Chris Borland described his retirement as a preemptive strike to preserve his mental health.

"If there were no possibility of brain damage, I'd still be playing," Borland said.

Borland shockingly announced his retirement after one successful season in the NFL with the San Francisco 49ers.

"I don't dislike football," he insists. "I love football." 

Borland has come to view football as a dehumanizing spectacle, yet he wants to be respectful to former teammates and coaches still involved.

"Dehumanizing sounds so extreme, but when you're fighting for a football at the bottom of the pile, it is kind of dehumanizing," he said during a series of conversations over the spring and summer. "It's like a spectacle of violence, for entertainment, and you're the actors in it. You're complicit in that: You put on the uniform. And it's a trivial thing at its core. It's make-believe, really. That's the truth about it."

Days after Borland retired, the NFL emailed him demanding he take a drug test.

"I don't want to be a conspiracy theorist," he says. "I just wanted to be sure." Borland agreed to submit a urine sample to the NFL's representative, who drove in from Green Bay and administered the test in the Wisconsin trainer's room. Then he hired a private firm for $150 to test him independently. Both tests came back negative, according to Borland.

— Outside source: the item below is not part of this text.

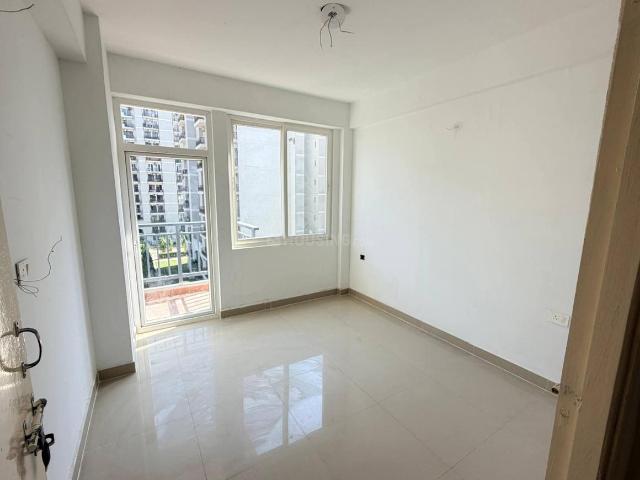 2 BHK Apartment in Sector 81 for rent Gurgaon. The reference number is 20521424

"I don't really trust the NFL," Borland said.

Borland describes playing football as thrilling but never fun.

"People make the analogy to war a lot, and I have two brothers in the Army," Borland said. "Getting a TBI [traumatic brain injury] and having post-traumatic stress from war, well, that's a more important cause. Football is an elective. It's a game. It's make-believe. And to think that people have brain damage from some made-up game. The meaninglessness of it, you draw the line at brain damage."